Insomma, la situazione della linea difensiva della Roma in questo momento è davvero in alto mare. E rischia di esserlo anche di più strada facendo.
Adesso, quindi, si tratta di correre ai ripari e tra i nomi che da tempo sono sul taccuino del general manager Tiago Pinto c’è proprio quello di Nikola Milenkovic, il gigante serbo della Fiorentina, uno che la Roma monitora da tempo.

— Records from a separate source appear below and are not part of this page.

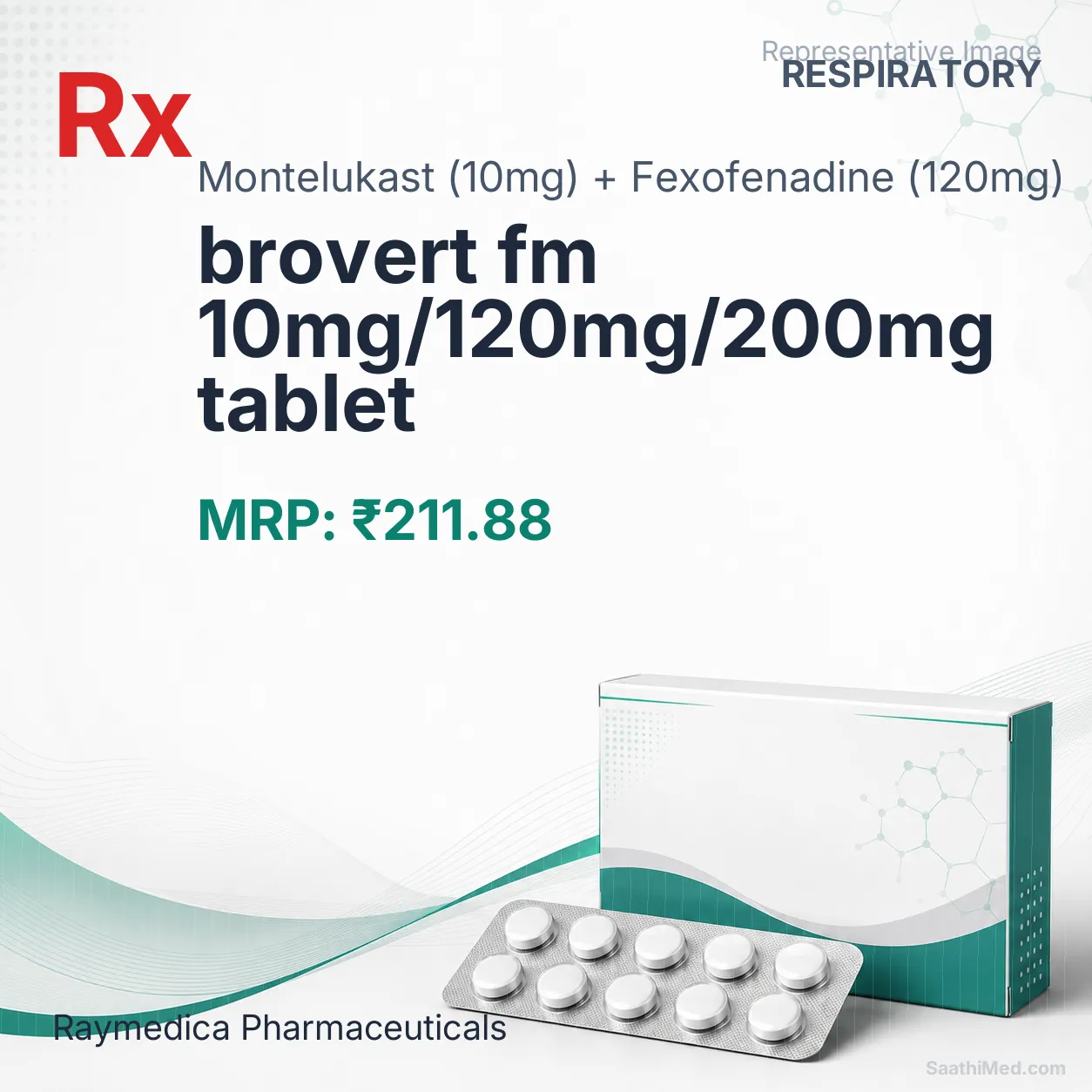 brovert fm 10mg/120mg/200mg tablet Allopathy (Montelukast (10mg)) - Uses in Hindi, Side Effects, Substitutes & Price in India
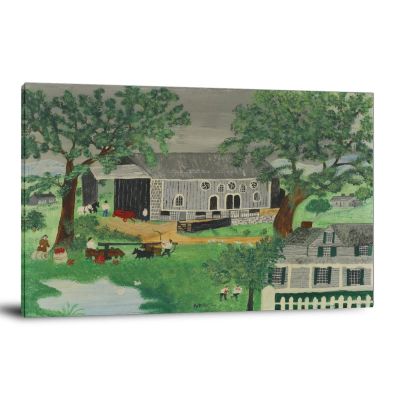 33 Masterpieces by Grandma Moses Pennsylvania Barn Poster Decorative Painting Canvas Wall Art Living Room Posters Bedroom Painting 20x30inch(50x75cm)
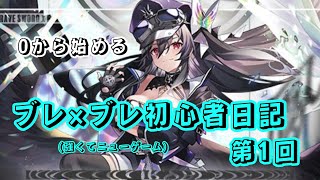 0から始めるブレ×ブレ初心者日記(強くてニューゲーム) 【ブレイブソード×ブレイズソウル】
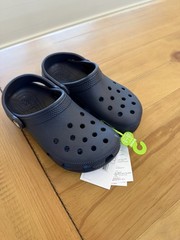 Crocs Kids Navy Blue C13 Classic Clogs Slip On Shoes New With Tags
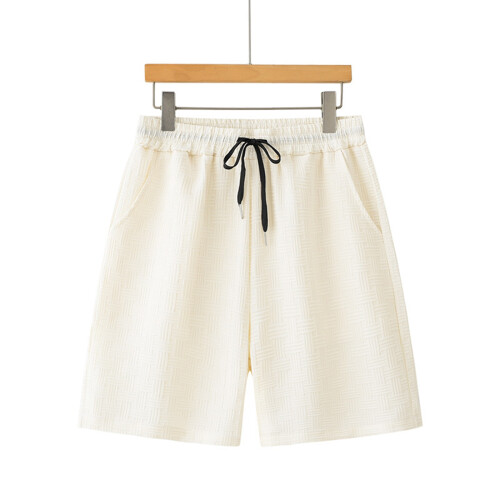 Men's Shorts Casual Stretch Solid Short Elastic-apricot XXL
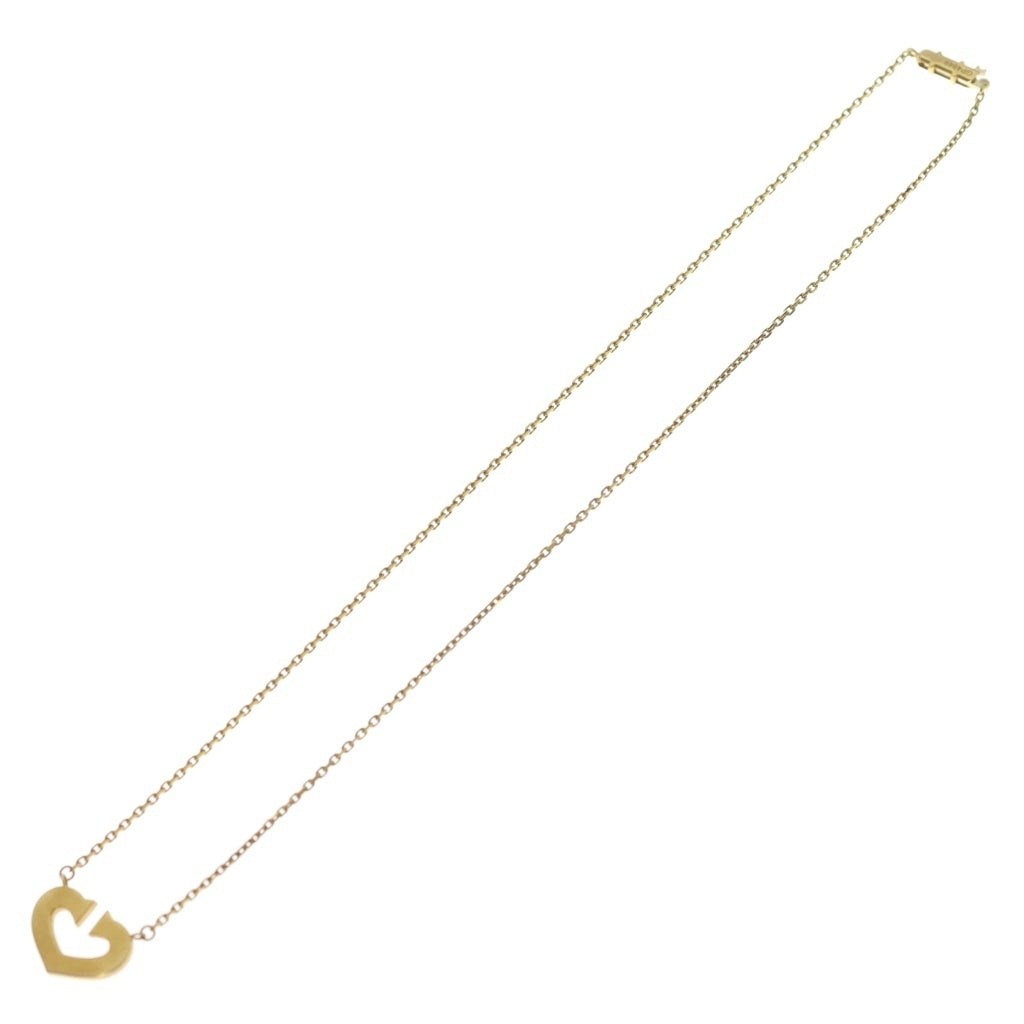 Cartier(カルティエ) Cハート ネックレス K18YG イエローゴールド レディース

La Fiorentina chiede tanti soldi, circa 20 milioni di euro. E chissà se vorrà mai darlo ad una diretta competitor. Ma nel mercato ci sono tanti perché nascosti, spesso e volentieri. La Roma vuole provarci per risolvere un problema e dare l’assalto definitivo alla Champions. Certo, Milenkovic ha già un ingaggio da superstar (3,3 milioni di euro, è il più pagato in assoluto della rosa a disposizione di Italiano), il che non aiuta, è ovvio. Ma cedendo Smalling (3,5 milioni più bonus) altrove il monte-ingaggi non cambierebbe in funzione del financial fair play.